とりわけ、③化石燃料を使用しない園芸施設への移行は、施設栽培でイチゴの生産を行う筆者自身にとっても非常に大きな転換点を迎えることになることが予想されます。
それでは、それぞれの内容について見ていきます。
農林水産業のCO2ゼロエミッション化
ゼロ・エミッションとは、直訳すると「無放出」となり、CO2を放出しないという意味として用いられています。
基準の年となる2013年のCO2排出量が1659万トンでした。そこから別の計画(地球温暖化対策計画:2021年10月閣議決定)で削減することになっていた分の175万トンを引いたものが、2030年までの目標として定められました。そして、2050年までにはゼロエミッション、農林水産業においては完全なる脱炭素を達成しようという計画となっています。

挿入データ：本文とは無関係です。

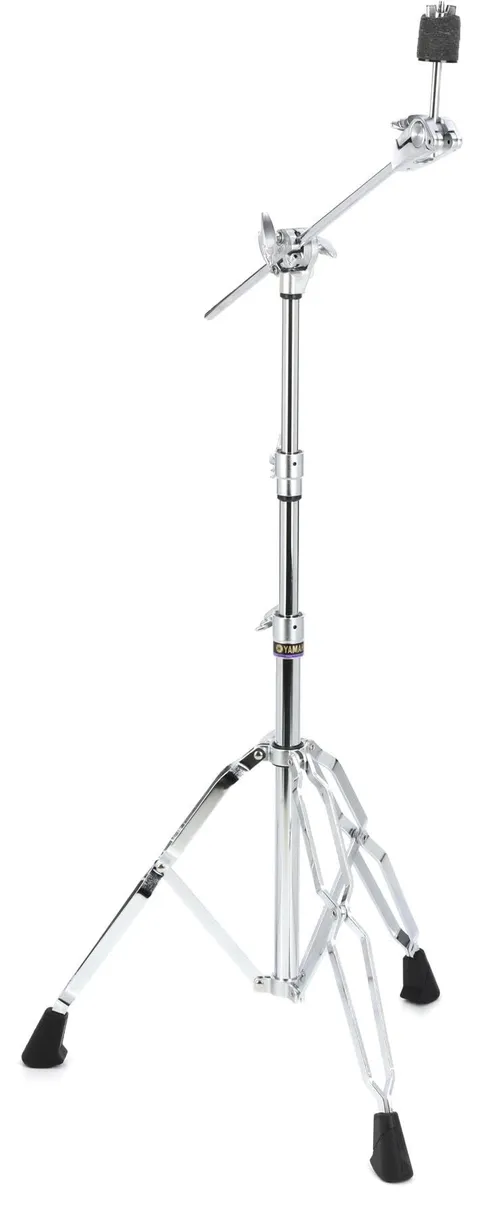Yamaha CS-965 Boom Cymbal Stand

具体的には、化石燃料を直接使用しないヒートポンプや充電式の農業機械などの既存技術の導入を進めることで達成を目指します。2030年以降は、農林業機械・漁船等の電化と水素化でさらに計画を加速させる、というものです。
農林業機械・漁船の電化・水素化等技術の確立
これは、2050年までにCO2ゼロエミッションを達成する目標を構成するひとつの「中目標」と考えられます。

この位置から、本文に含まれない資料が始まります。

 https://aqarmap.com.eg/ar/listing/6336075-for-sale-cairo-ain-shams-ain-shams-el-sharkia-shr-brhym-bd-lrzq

2030年の時点で、担い手の半数が「化石燃料使用量削減に資する農機」を利用していることを見込んで目標を設定しています。化石燃料使用量削減に資する農機とは、電動草刈機や電動噴霧器、自動操舵システムなどが挙げられます。
2030年以降は、電動小型農機の利用拡大や水素エネルギーを利用した燃料電池などの技術を大型農機に応用していき、2040年には農林水産業分野での技術定着を目指すというものです。
化石燃料を使用しない園芸施設への移行
園芸施設の加温設備を従来の燃油暖房機に加えて、ヒートポンプと環境制御機器等の導入を支援することで目標の達成を見込んでいます。ヒートポンプとは、ヒートポンプ式冷暖房機のことで、電気のみで稼働して加温のために化石燃料を直接使わないうえ、エネルギー効率が非常に高いために環境負荷の低減が期待されています。
2030年までに、このヒートポンプと化石燃料使用の暖房機と組み合わせたハイブリッド型園芸施設の割合を50%まで引き上げ、2050年には、化石燃料をまったく使用しない施設への完全移行を目指しています。
化学農薬使用量の低減
これは、単純な化学農薬の使用量の低減ではなく、農薬の有効成分ごとに「ヒトに対するリスク」が違うことに着目した目標設定となっています。

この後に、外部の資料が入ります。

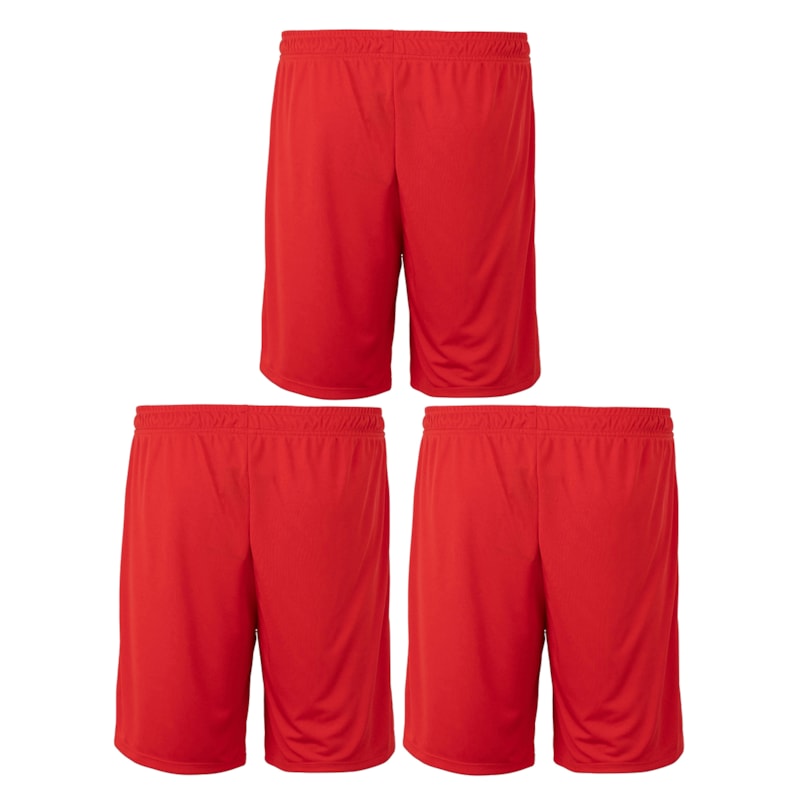 image_9a13a9d4-667f-4d35-804b-b952c0c4ba30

個々の農薬の「有効成分ベースの農薬出荷量」に、ヒトへの毒性の指標であるADI(許容一日摂取量)を基に決定した「リスク換算係数」を掛けたものの総和として、「化学農薬使用量(リスク換算)」を算出
引用:農林水産省 みどりの食料システム戦略における化学農薬使用量(リスク換算)について
つまり、農薬ごとに異なる毒性とその有効成分の含有量を加味した人に対するリスクの低減の目標と言えます。それを化学農薬使用量リスク換算値として数値目標を設定しています。大まかな計算式は次の通りです。
A:農薬の毒性 = ADI(許容一日摂取量)をもとに設定したリスク換算係数
B:期間中、出荷された農薬に含まれる有効成分の総量
化学農薬使用量リスク換算値 = A × B
2019年度(2018年10月~2019年9月)のリスク換算値23,330を基準として、2030年までに10%、2050年までには50%の低減を目指すものです。
農薬の開発には10年以上かかるので、当面はIPM(総合的病害虫管理)の推進が取組みの中心となる見込みです。具体的には、天敵生物の活用が今まで以上に進むと考えられます。他には、現在でも有機栽培で使用できる農薬として分類されているものや害虫のフェロモン誘引剤、微生物資材なども進んで使われることが期待されます。
また、将来的には、RNA農薬や近年注目されているバイオスティミュラント資材などが開発・普及していき、現在の化学合成農薬と置き換わっていくことも想定されます。
化学肥料使用量の低減
こちらの目標も、化学農薬使用量の低減と同様に10年程度では画期的な技術開発は見込みが薄いので、当面は既存技術の活用が中心となります。AIによる土壌診断で施肥効率を上げること、耕種農家と畜産農家の連携による堆肥の活用などがそれにあたります。
2030年以降は、国内の未利用資源からの肥料成分の回収や肥料効率の高い品種の開発などを取り組んでいく計画となっています。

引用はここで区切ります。